I can understand that, all other things being equal, the more compact
form might be preferable.  I mean, if you know nothing about Unicode
normalization forms other than that one is more compact than the other,
then you might as well pick the more compact one, right?

But all other things are clearly /not/ equal, or you would just use NFC.
  And the difference in compactness between NFC and NFD is completely
trivial.  I challenge you to find any real-world text where the
difference is size between NFC and NFD is big enough that I should care
about it, both in absolute and relative terms.

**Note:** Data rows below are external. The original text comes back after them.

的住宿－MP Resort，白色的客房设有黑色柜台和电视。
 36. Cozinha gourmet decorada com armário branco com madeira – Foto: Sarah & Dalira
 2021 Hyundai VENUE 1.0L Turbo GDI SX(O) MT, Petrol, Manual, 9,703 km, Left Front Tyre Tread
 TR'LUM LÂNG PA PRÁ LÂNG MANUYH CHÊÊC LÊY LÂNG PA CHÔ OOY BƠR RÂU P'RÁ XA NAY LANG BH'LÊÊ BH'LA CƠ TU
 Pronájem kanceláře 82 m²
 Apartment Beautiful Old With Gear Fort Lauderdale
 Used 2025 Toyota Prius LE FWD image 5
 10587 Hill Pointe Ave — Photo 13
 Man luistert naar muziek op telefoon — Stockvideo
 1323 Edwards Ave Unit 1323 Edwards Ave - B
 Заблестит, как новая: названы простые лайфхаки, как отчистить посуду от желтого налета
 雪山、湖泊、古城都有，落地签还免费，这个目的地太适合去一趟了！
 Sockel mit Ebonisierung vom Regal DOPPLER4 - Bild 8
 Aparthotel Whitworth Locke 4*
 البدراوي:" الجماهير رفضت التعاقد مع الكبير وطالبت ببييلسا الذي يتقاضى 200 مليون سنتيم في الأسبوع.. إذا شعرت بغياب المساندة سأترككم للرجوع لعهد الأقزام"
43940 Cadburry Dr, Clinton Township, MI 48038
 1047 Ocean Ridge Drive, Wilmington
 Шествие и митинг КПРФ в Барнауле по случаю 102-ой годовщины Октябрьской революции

I consider FCC a non-solution to a non-problem.  The advantage of NFC
over NFD is not compactness, but compatibility with interfaces that
expect NFC.  Since FCC does not provide that advantage, there is no
reason to choose FCC over NFD.  On the other hand, there are several
good reasons for choosing NFD over FCC.  Aside from the obvious one -
compatibility with interfaces that expect NFD - there's also cleaner,
simpler code with fewer surprises.  For example, it is a completely
straightforward operation to replace all acute accents in a NFD text
with grave accents or to remove acute accents entirely, whereas the FCC
equivalent requires effectively transcoding to NFD.

In summary, I think you should support NFD text types.  Either in
addition to FCC or instead of it.

NFD is not an unreasonable choice, though I don't know why you'd want to do a search-replace that changes all het accents from acute to grave (is that a real use-case, or just a for-instance?).  Unfortunately, the fast-path of the collation algorithm implementation requires FCC, which is why ICU uses it, and one of the main reasons why I picked it.  If we had NFD strings, we'd have to normalize them to FCC first, if I'm not mistaken.  (Though I should verify that with a test.)